Mlle Venise Voloscenkov
33, rue de Sévigné
35500 VITRE
 

        Depuis le 1er janvier 1998, on ne trouve plus trace de Mme Elsa Venezia dans l'annuaire d'Ille-et-Vilaine à la page Rennes. Elle figurait pourtant encore bien dans l'édition de 1997. C'était elle la vieille dame et c'était moi la petite fille.

         Vos renseignements sont exacts, même si, pour ma part, j'ignore qui a pu vous raconter aussi précisément ces faits qui commencent à dater. J'ai effectivement assisté Mlle Isaure Chassériau dans son entreprise d'agence touristique rennaise.

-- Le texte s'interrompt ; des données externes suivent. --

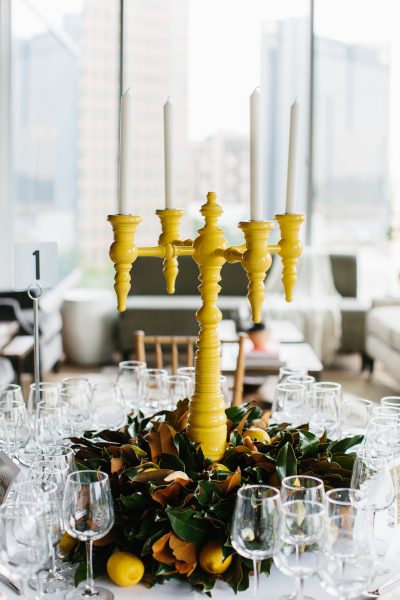 Elegant yellow candelabra centerpiece with greenery and lemons at a Weston Farms event table.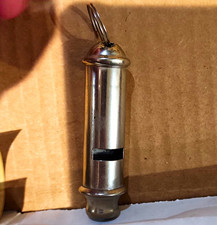 The vintage cylindrical metal whistles made in Hong Kon picture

Le jeudi était alors jour de congé pour les enfants et Mlle Isaure faisait parfois appel à moi pour que je serve de guide dans certains de ses parcours.

         Aujourd'hui encore, je ne sais si je dois révéler les motivations, les désirs des clientes de l'agence que Mlle Isaure m'a confiées. A vrai dire, cela était très mystérieux pour moi et l'est resté. J'ai trouvé très jolie la formulation que vous avez relevée dans ce "brouillon du parcours du désir" : "Quel était le désir secret de la vieille dame que l'on a vue un jour guidée par une petite fille ?".

         En fait, suivant qu'il s'agissait d'une dame ou d'une demoiselle, le parcours différait. Je ne me souviens plus bien aujourd'hui de la topographie de la ville de Rennes que je n'habite plus, mais je peux vous dire que je faisais faire aux demoiselles le parcours de l'ange et aux dames celui de la maternité. Le premier passait dans toutes les églises et aussi devant la banque populaire de l'Ouest et devant un café de la rue Saint-Michel où trois angelots "profanes" étaient sculptés sur les façades. On s'arrêtait sur la place de la Mairie et bien souvent, après la lecture de ce texte, "Un ange passe", que vous avez retrouvé dans les archives, les demoiselles me payaient un tour de manège. Pourquoi ce parcours se terminait-il au cimetière du nord ? Peut-être à cause du cimetière des enfants, en bas à gauche ? Plutôt en fait à cause de la tombe en mosaÏque colorée de la famille Odorico. Une espèce de leçon d'optimisme et de dignité.
 

 
         Pour les dames, je faisais la tournée des vierges à deux têtes. C'était une plaisanterie d'un des oncles d'Isaure. A Rennes, à certains coins de rues, au-dessus de certaines portes, on a construit des petites niches dans lesquelles on a installé des statues de la Vierge. Comme certaines de ces niches étaient vides, l'oncle en question avait inventé qu'elles contenaient des Vierges à deux têtes ! Je ne sais pas pourquoi votre courrier m'a fait me souvenir de cette bêtise que j'avais pourtant bien oubliée ! Dans la rue qui mène au cimetière du nord, je me souviens encore qu'il y avait, à côté de l'église Saint-Martin, la plus belle des vierges de Rennes. La statue de Saint-Martin avait perdu ses jambes. Le pauvre avait aussi un pouce et un index en moins. Peut-être les avait-il donnés à un pauvre !
 
 
        Ce parcours-là passait par le Musée des Beaux-Arts. Je me suis replongée dans le catalogue, que je possède encore, et j'ai retrouvé avec émotion et amusement la "maternité aux manchettes de dentelle" de Maurice Denis et surtout le diptyque d'Aulnette du Vautenet : "Le départ du croisé" et "le retour du pèlerin" : en fait une bande dessinée en deux cases qui raconte une espèce de cocufiage !

        Etait-ce là quelque chose d'emblématique pour ces deux parcours ? Le fait de ne pas avoir d'enfants pour les vieilles demoiselles, le fait de voir les enfants grandir et partir pour les vieilles dames ? A Vitré, vous le savez peut-être, du fait de Mme de Sévigné, nous sommes très sensibles à ce deuxième thème. D'être guidées par une enfant dans les rues de Rennes donnait-il à ces personnes le sentiment d'une maternité (re)trouvée ? Ou d'une enfance provisoire ?

        Pour en revenir à Mme Elsa Venezia dont vous avez trouvé le nom sur le livre dédicacé à Isaure, je ne puis vous dire grand chose de plus. Elle m'avait offert à moi aussi un exemplaire de ce livre, en remerciement de la tournée des vierges, ou des anges, je ne sais plus. Le livre est très beau, il s'agit de la "Bible" de Boubat, et en le feuilletant, j'ai retrouvé une jolie image de maternité, une photo prise à Bethléem en 1954.

        N'hésitez pas à me rendre visite si vous en avez la possibilité. Le contenu de cette valise, les archives d'Isaure et vos… motivations m'intéressent.

        Je vous prie d'agréer, cher monsieur, l'expression de ma plus vive curiosité.